EXERCISE PROMPT:
Copy out all the lines of the data that hold the word "click".

DATASET EXTRACT:
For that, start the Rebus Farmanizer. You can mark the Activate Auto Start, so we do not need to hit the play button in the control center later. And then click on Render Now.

* * *

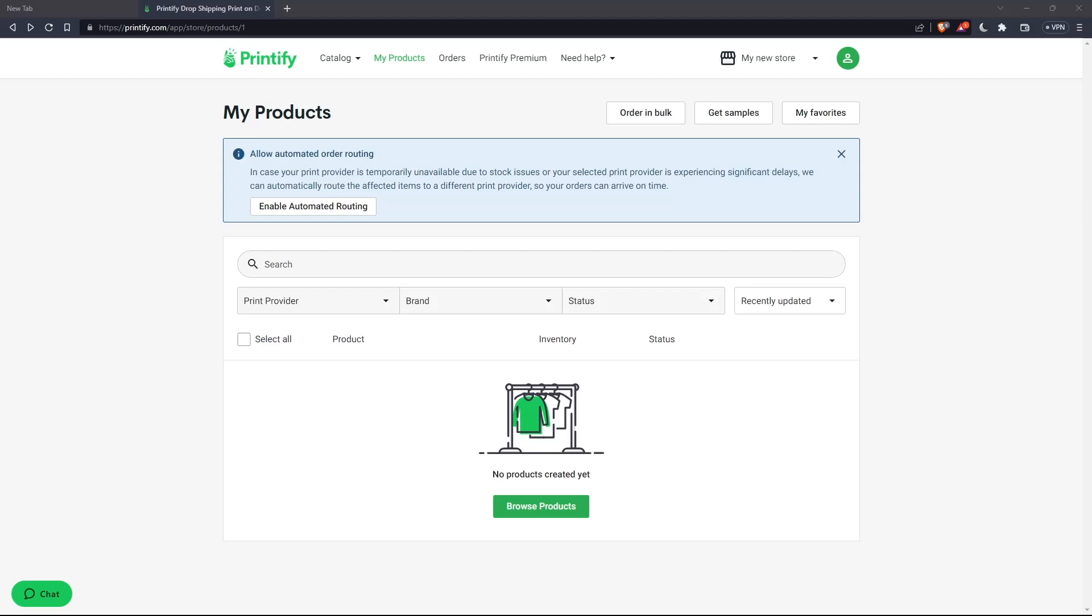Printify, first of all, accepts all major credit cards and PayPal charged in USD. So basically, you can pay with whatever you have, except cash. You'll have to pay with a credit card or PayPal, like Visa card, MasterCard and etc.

...

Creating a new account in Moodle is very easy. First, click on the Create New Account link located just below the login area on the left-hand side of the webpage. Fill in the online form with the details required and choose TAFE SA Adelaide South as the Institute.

ANSWER TO THIS PROBLEM:
For that, start the Rebus Farmanizer. You can mark the Activate Auto Start, so we do not need to hit the play button in the control center later. And then click on Render Now.
Creating a new account in Moodle is very easy. First, click on the Create New Account link located just below the login area on the left-hand side of the webpage. Fill in the online form with the details required and choose TAFE SA Adelaide South as the Institute.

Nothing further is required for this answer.